Theory Number Two? Covid. Admittedly, the pandemic is now the go-to explanation for just about every current social trend, from the Netflix hit series Ozark to an urban crime wave, but it’s fitting in this case. Birkenstocks were a reasonable response to the new work-from-home routine. Sitting at the computer in sweatpants and taking only occasional outings to the supermarket requires something sturdier than slippers but less substantial than a hard shoe. Suzanne Levine, a Manhattan foot surgeon, told the Wall Street Journal that relaxed, lockdown-inspired shoe habits allowed feet to widen and lengthen—so much so that some folks are having trouble squeezing into the pumps, ballet flats, or Oxfords that they used to wear to the office.

In any case, many people became indifferent to fashion during the pandemic, if only temporarily.
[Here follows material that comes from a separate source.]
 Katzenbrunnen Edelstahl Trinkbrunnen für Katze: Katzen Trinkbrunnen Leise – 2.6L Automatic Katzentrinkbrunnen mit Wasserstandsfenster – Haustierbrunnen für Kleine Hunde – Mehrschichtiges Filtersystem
After all, there’s little reason to dress up in heels or wingtips if you’re not going anywhere. Dress-shoe sales plummeted 60 percent during the first year of the pandemic, and overall shoe sales were down 20 percent. Birkenstock spied an opportunity to cash in. “If anything good has come from the pandemic, it is that it has forced us to ask ourselves what is important to us and what really matters in our lives,” said Birkenstock CEO Oliver Reichert, spinning what has become for his company a massively lucrative pivot to comfortable shoes. As people returned to work and restaurants, many realized what was important to them was eye-catching, neon-yellow Birks.

And finally, Theory Number Three: the Birkenstock is a capitalist nod to—or should I say appropriation of?—the current anti-capitalist zeitgeist. Many young adults are looking askance at “late-stage capitalism” and either joining the Democratic Socialists of America or becoming socialism-curious. In their minds, consumerism is toxic to the environment and implicated in climate change. The original Birkenstock’s humble ancestry and drab appearance advertised the wearer’s anti-fashion mindset and environmental wokeness. Regardless of its $100-plus price tag, the Birk seemed politically progressive. And after all, we all need shoes.

It’s far from the first time that fashionistas have become enamored of apparel usually worn by down-market consumers: think only of blue jeans, once limited to the closets of cowboys and blue-collar workers; or puffer jackets, essential gear for mountain climbers and ice fishers. The fashion industry is nothing if not brilliant at transforming a banal object into something novel and eye-catching: slap on an alarming price tag, and almost any item can seem chic. Designers revamped jeans to hug the buttocks (a theme in successful fashion marketing) and show off the midriff, just as they turned puffers into a luxe item by adding impossibly lightweight goose-down stuffing and dramatic styling. The once-staid company Birkenstock followed suit, turning anti-fashion into fashion by updating the colors and materials of a provincial clog and eventually getting it onto celebrities’ and influencers’ feet. And so anti-fashion morphs into fashion cliché.

As with other such transformations, however, Birkenstock’s journey from niche subculture and progressive cred to the mass market will likely spell its demise. The sex recession and Covid will become yesterday’s news. Same goes for the two-strapped, leopard-skin Birk.